*** DATASET RECORDS ***

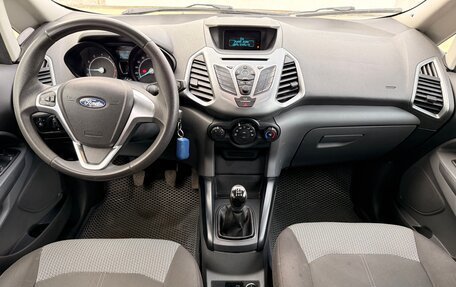 Ford EcoSport, 2016 год, 1 050 000 рублей, 8 фотография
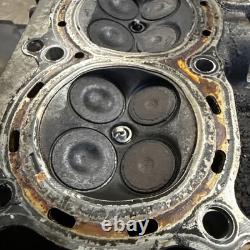 Honda CB1000 F SC30 Big One 1992-1996 Cylinder Head Valves Rockers Cam Caps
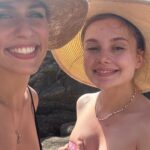 Sára Milfajtová Instagram - Collecting memories…♥️ #corse #bffgoals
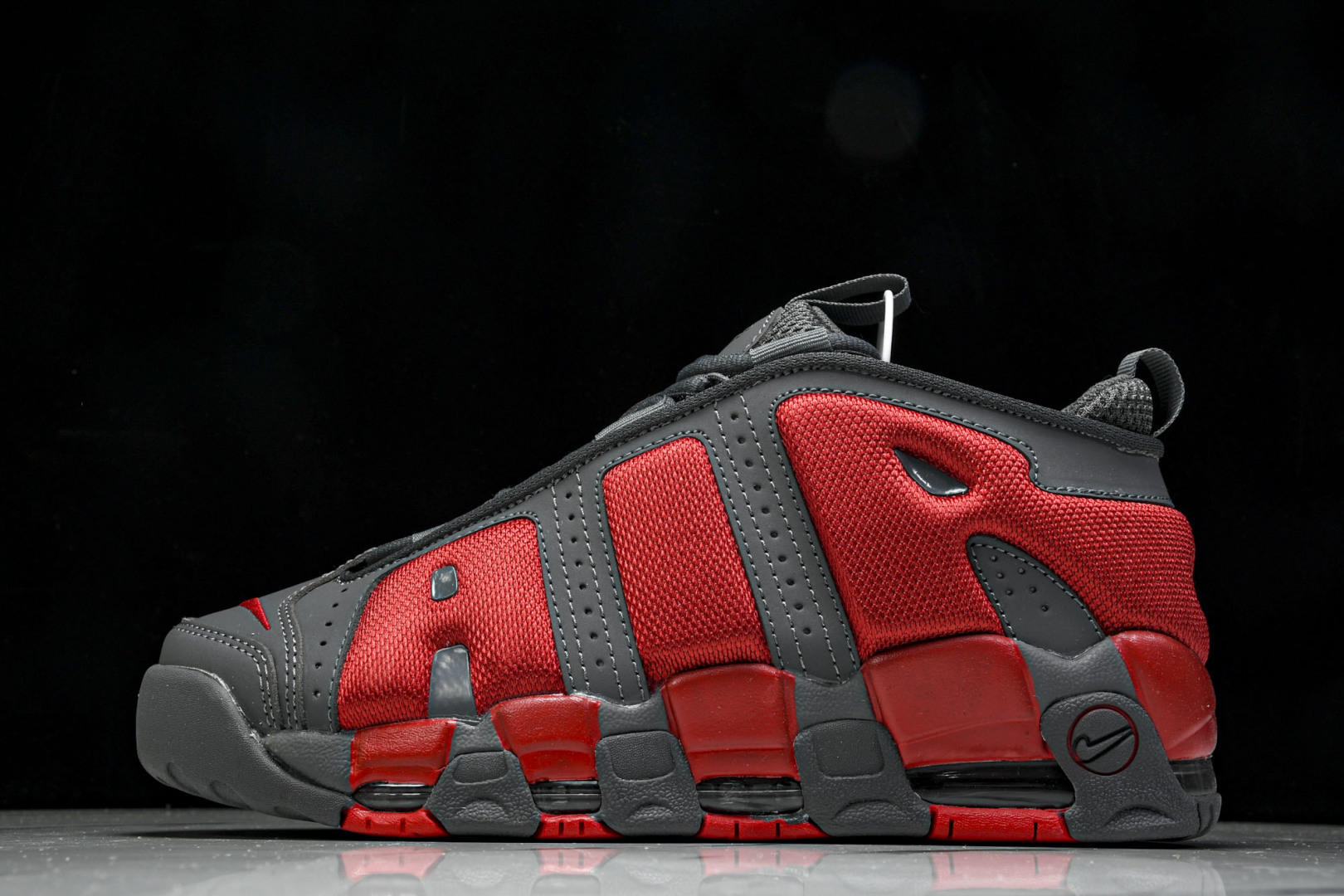  NKNk Air More Uptempo 皮蓬 网面透气经典高街百搭休闲运动篮球鞋 FZ3055-0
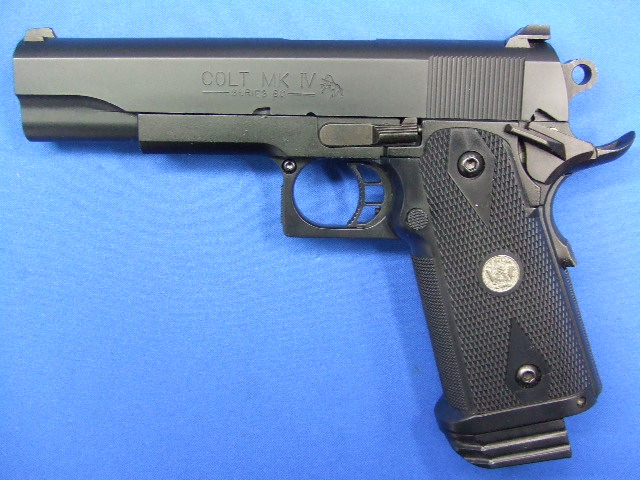 ハイキャパシティ45 CQBスペシャル  | ウエスタンアームズ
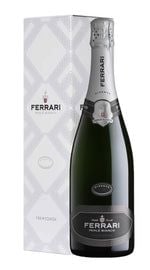 Trento Sparkling Wine Reserve 'Perle Bianco' Ferrari 2017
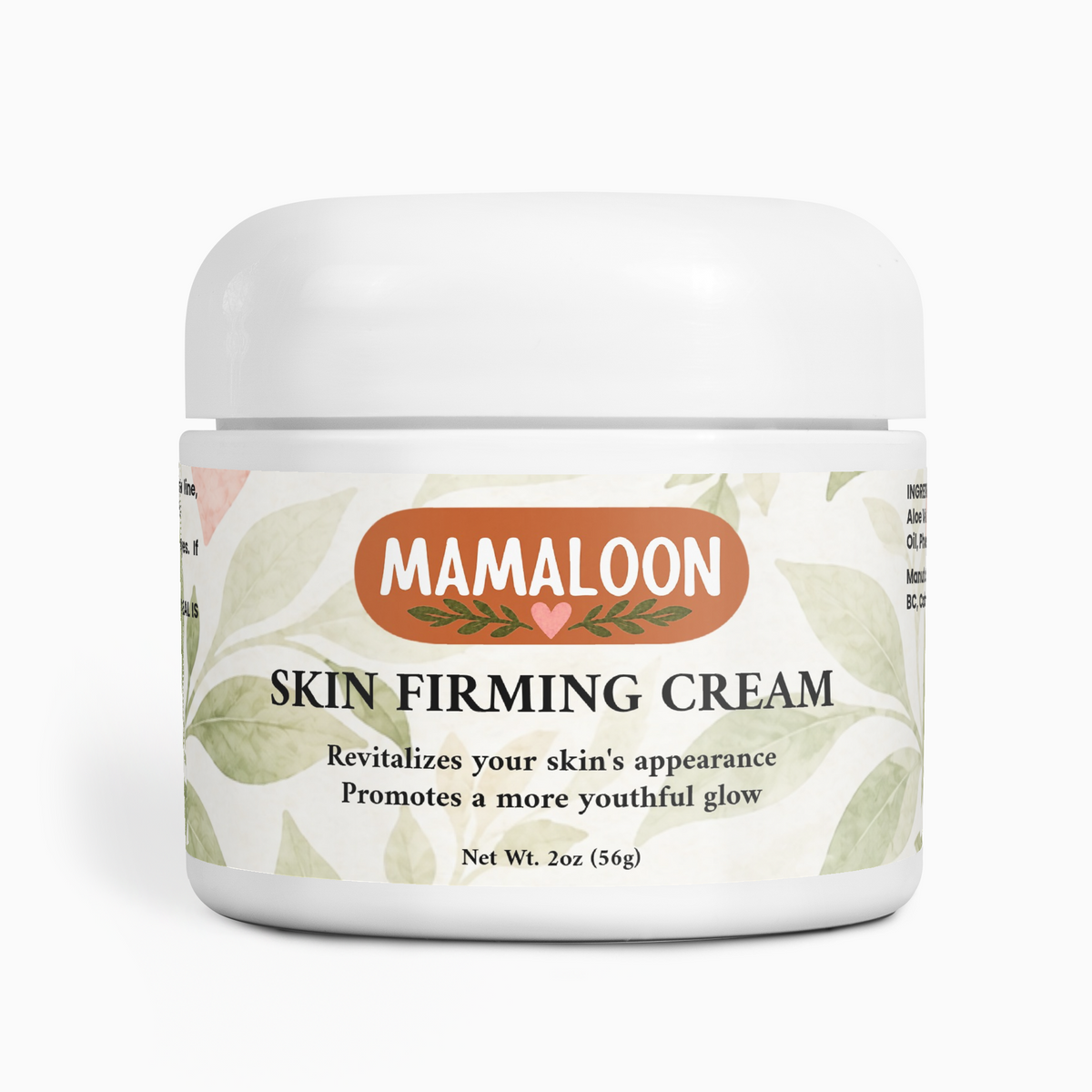 Skin Firming Cream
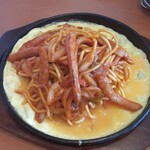 パスタ・デ・ココ - 料理写真:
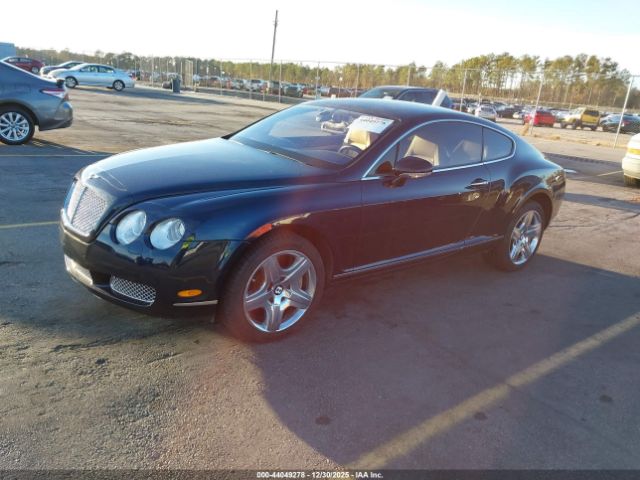 2005 BENTLEY CONTINENTAL GT SCBCR63W25C028171 Photo 1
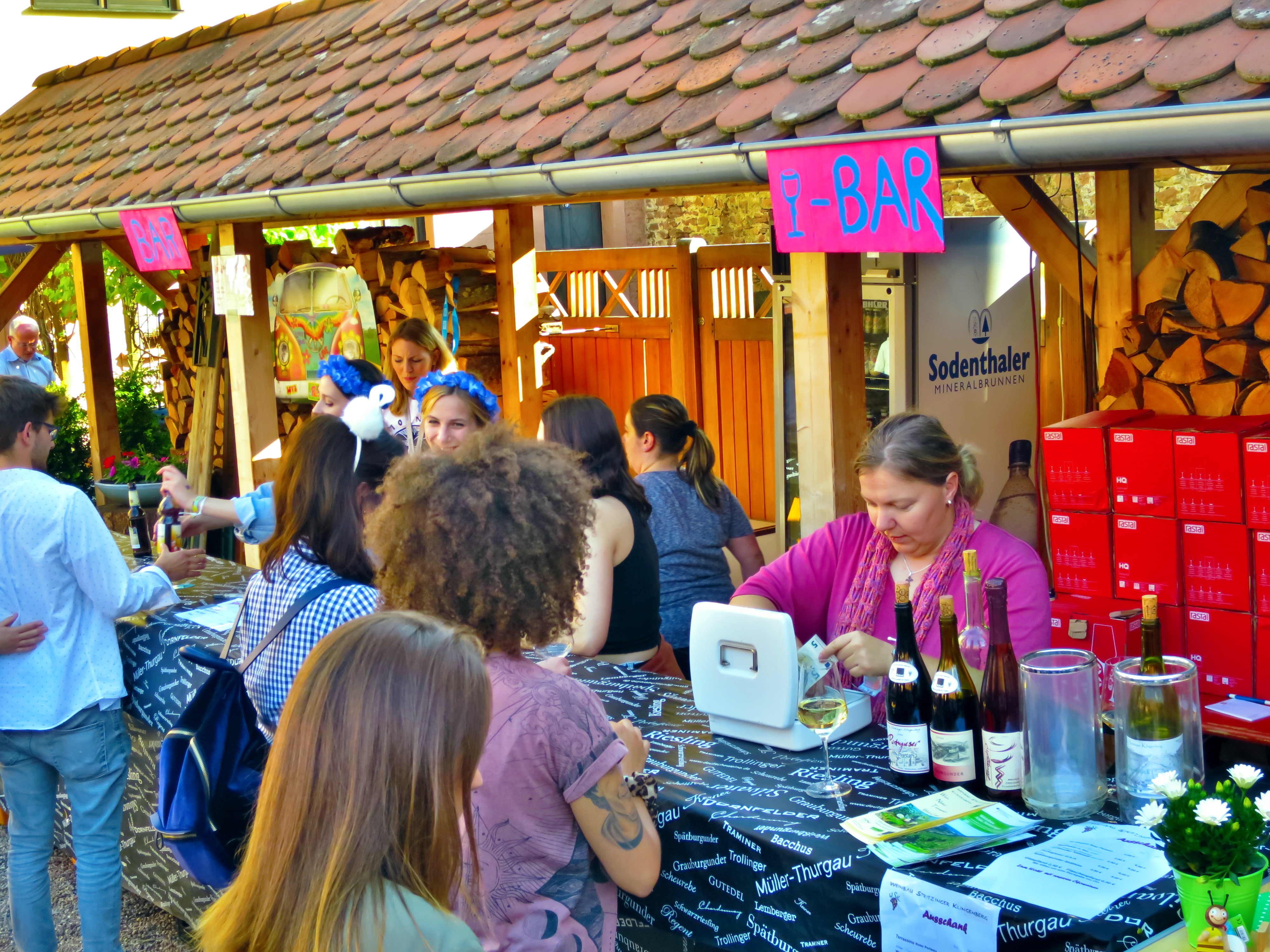 Hoodstock Festival 2017 im Schlosshof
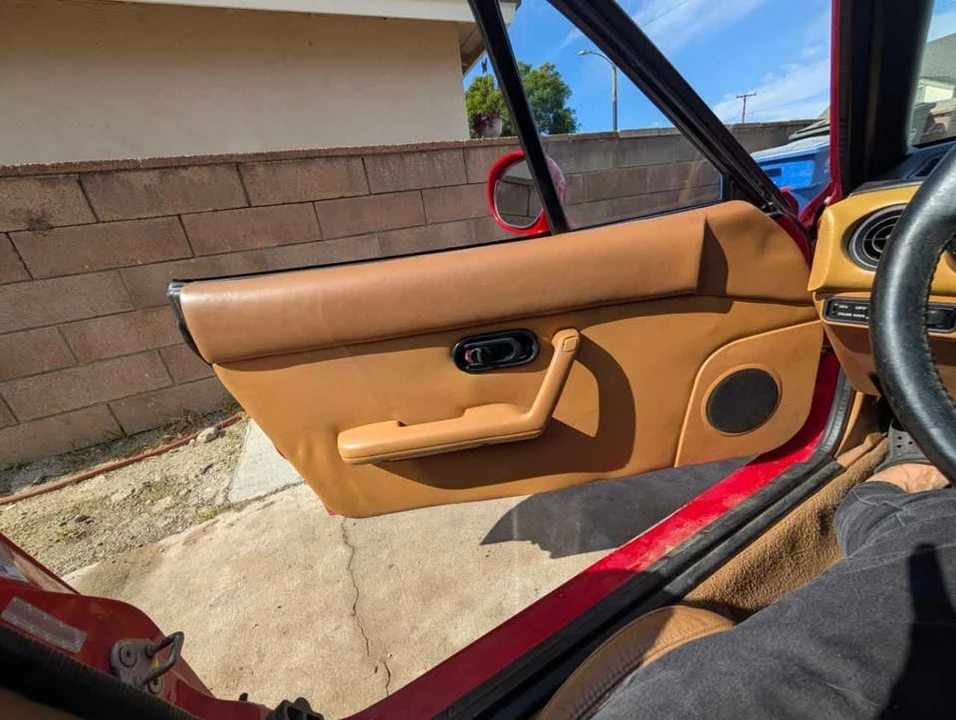 1993 Mazda NA MX-5 Miata - Image 3 of 9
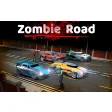 Zombie Road Game New Tab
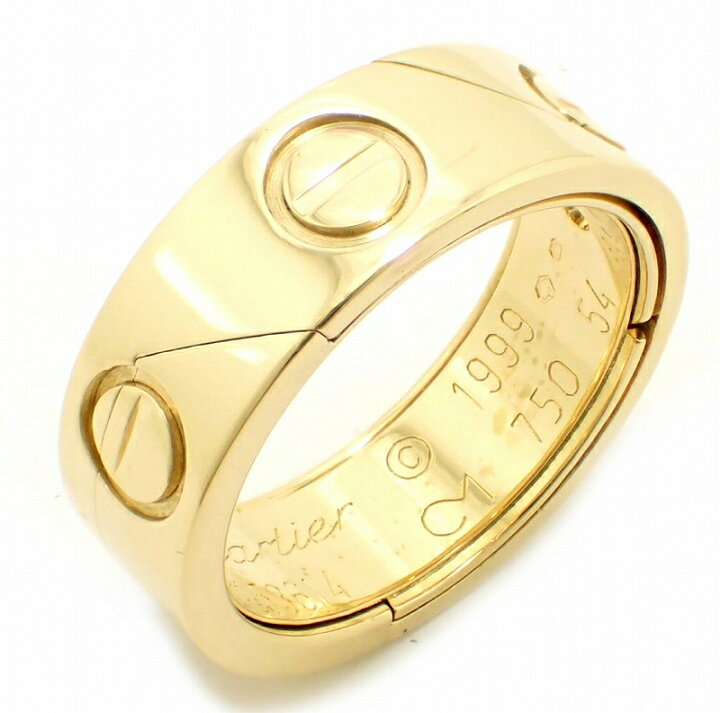 楽天市場】【ジュエリー】【新品仕上げ済】Cartier カルティエ  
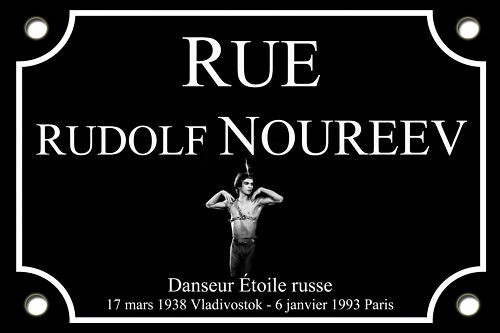 Rudolf noureev dance ballet - rudolf,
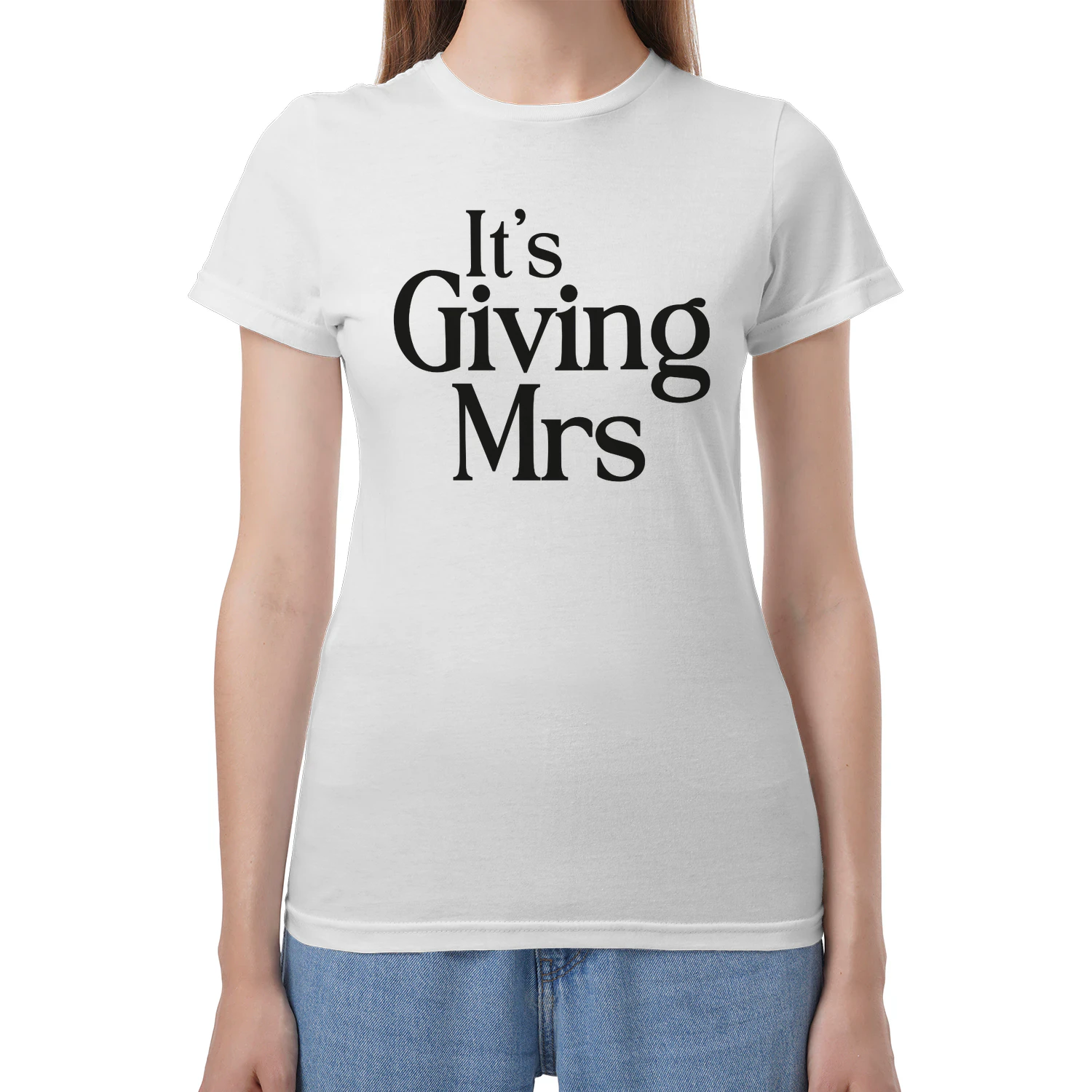 It's Giving Mrs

***

→ **ABOUT THIS TASK**:
Above are the records; please give again, exactly and in full, only the lines that run from the line with "Honda CB1000 F" through the line with "1993 Mazda NA MX-5 Miata - Image 3 of 9", with no pictures.

→ **RESULT OF THE TASK**:
 Honda CB1000 F SC30 Big One 1992-1996 Cylinder Head Valves Rockers Cam Caps
 Sára Milfajtová Instagram - Collecting memories…♥️ #corse #bffgoals
  NKNk Air More Uptempo 皮蓬 网面透气经典高街百搭休闲运动篮球鞋 FZ3055-0
 ハイキャパシティ45 CQBスペシャル  | ウエスタンアームズ
 Trento Sparkling Wine Reserve 'Perle Bianco' Ferrari 2017
 Skin Firming Cream
 パスタ・デ・ココ - 料理写真:
 2005 BENTLEY CONTINENTAL GT SCBCR63W25C028171 Photo 1
 Hoodstock Festival 2017 im Schlosshof
 1993 Mazda NA MX-5 Miata - Image 3 of 9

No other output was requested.